- _Task to complete_: Data follows below. Repeat exactly the lines between the line holding "Woman tasting lemon" and the line holding "245 Smithville Road", inclusive, and nothing more; drop pictures.

- _Information_:
%%
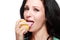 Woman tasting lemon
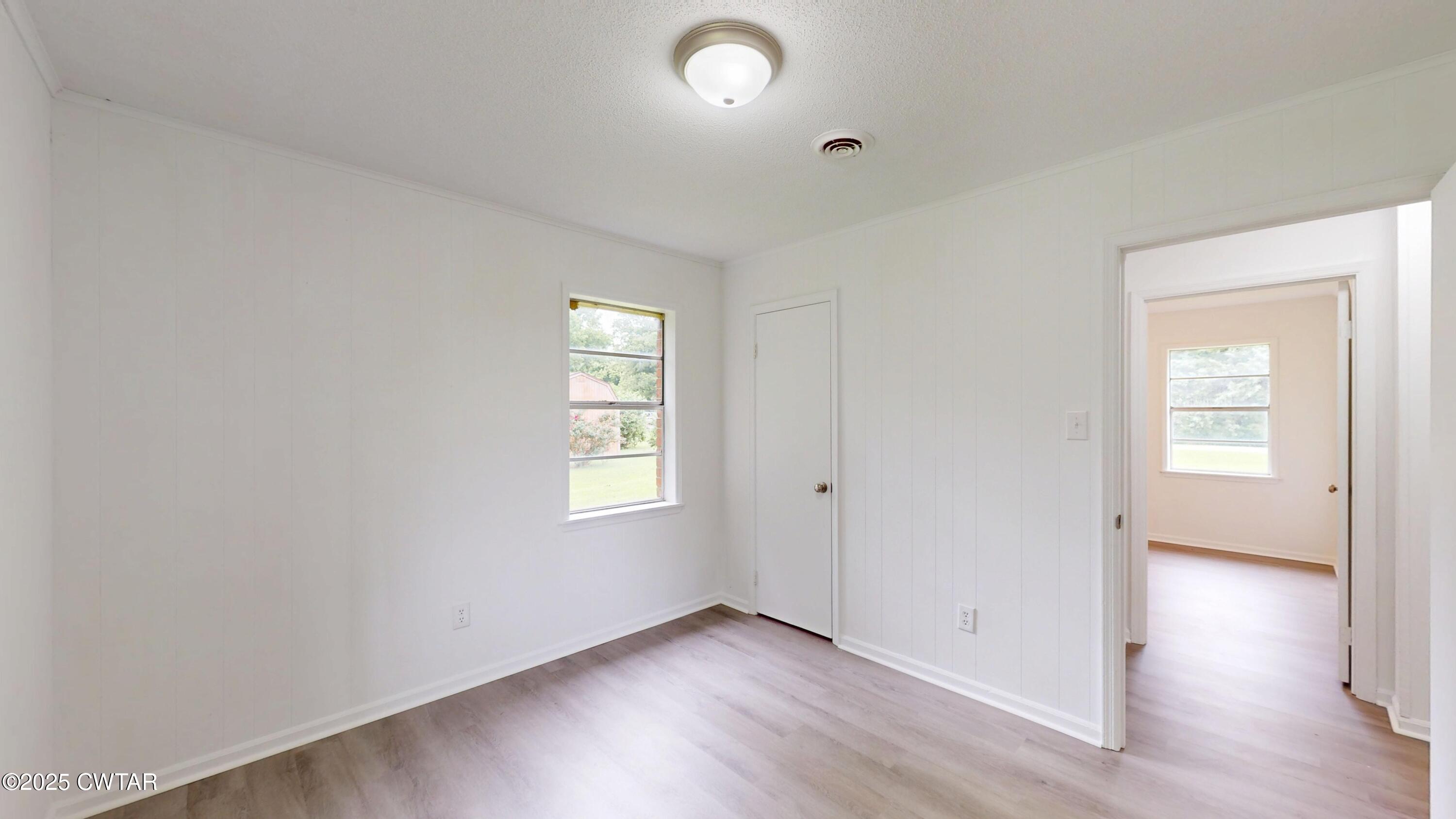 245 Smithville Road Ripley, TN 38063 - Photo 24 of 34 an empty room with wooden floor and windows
%%
%%
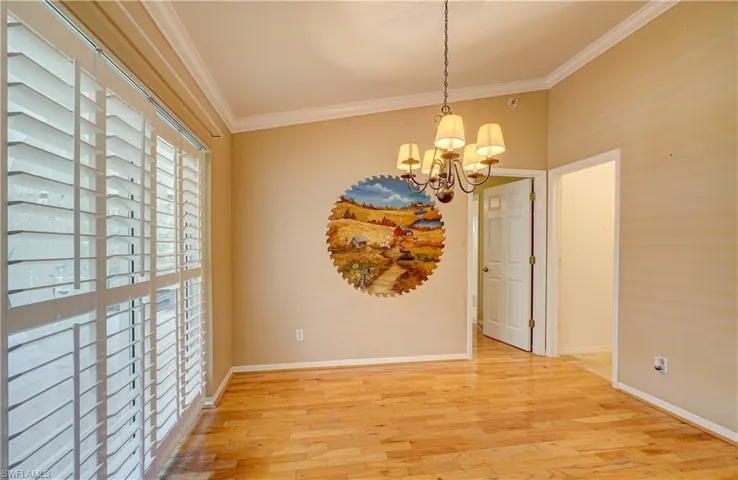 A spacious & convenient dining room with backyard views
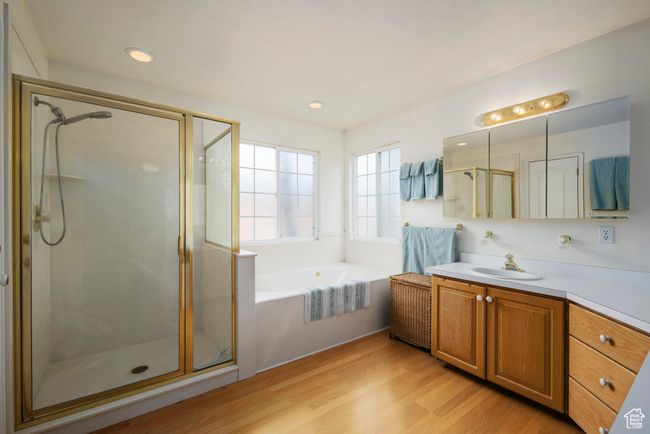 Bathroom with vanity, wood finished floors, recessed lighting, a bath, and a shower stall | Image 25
%%
- _The answer_:
 Woman tasting lemon
 245 Smithville Road Ripley, TN 38063 - Photo 24 of 34 an empty room with wooden floor and windows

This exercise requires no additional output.